» HOW TO COMPLETE THIS TASK:
The listing below should be printed exactly, though its pictures must not be.

» DATA PROVIDED:
=== Section Start ===

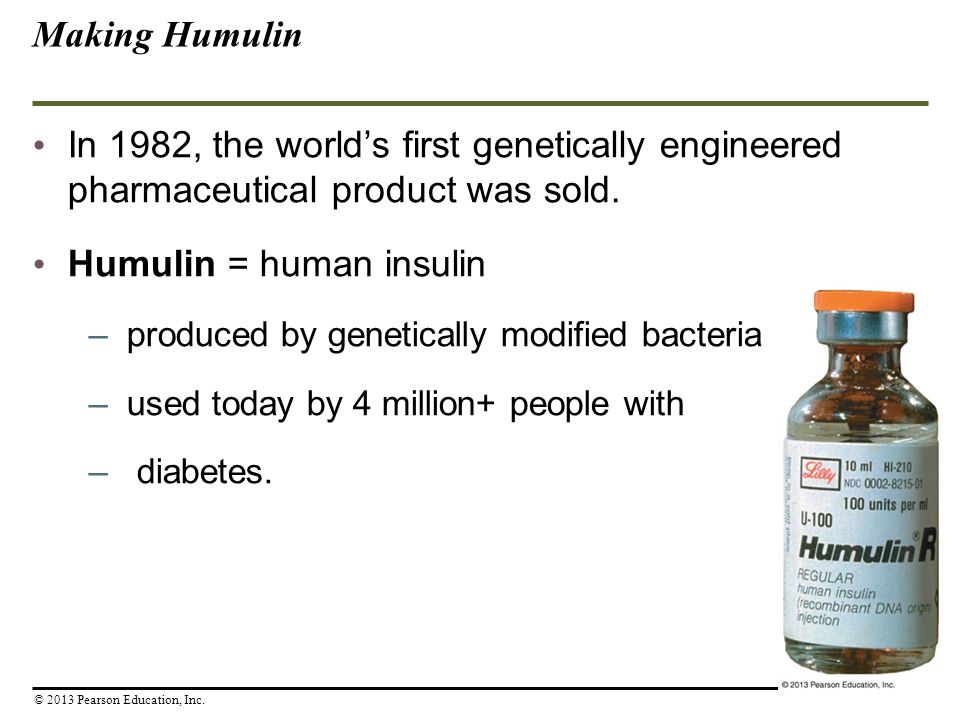 Making Humulin In 1982, the world’s first genetically engineered pharmaceutical product was sold.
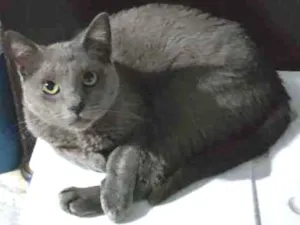 Gato raça SRD idade 1 ano nome Panthro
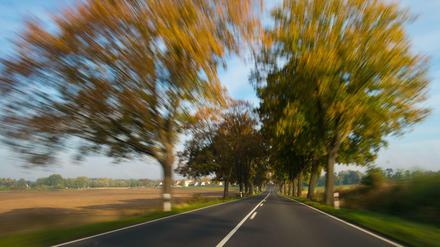 Blick auf eine Allee nahe Müncheberg (Brandenburg). Symbolbild. 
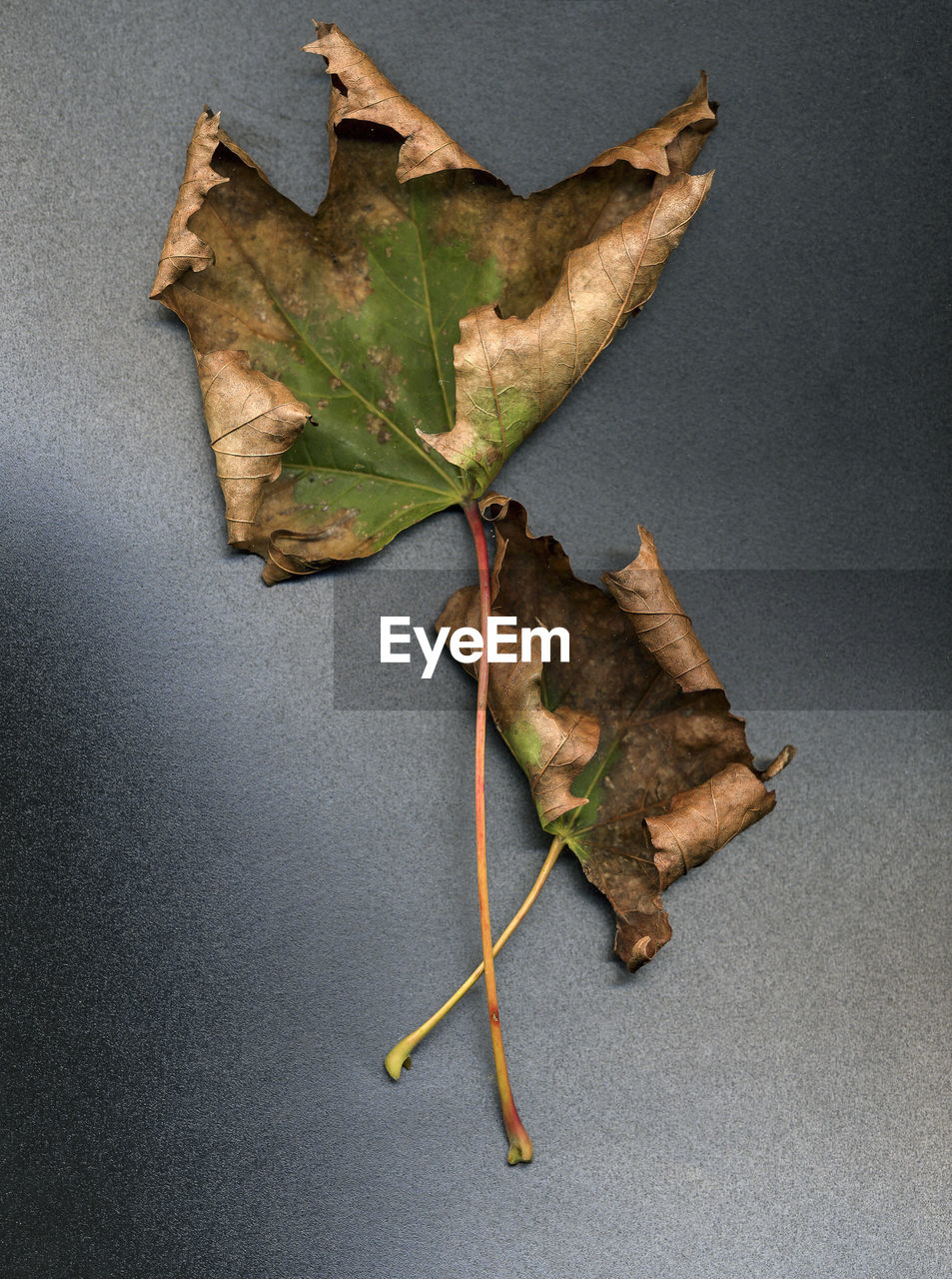 HIGH ANGLE VIEW OF DRY LEAF ON TABLE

=== Section End ===

» ANSWER FOR THIS EXERCISE:
 Making Humulin In 1982, the world’s first genetically engineered pharmaceutical product was sold.
 Gato raça SRD idade 1 ano nome Panthro
 Blick auf eine Allee nahe Müncheberg (Brandenburg). Symbolbild. 
 HIGH ANGLE VIEW OF DRY LEAF ON TABLE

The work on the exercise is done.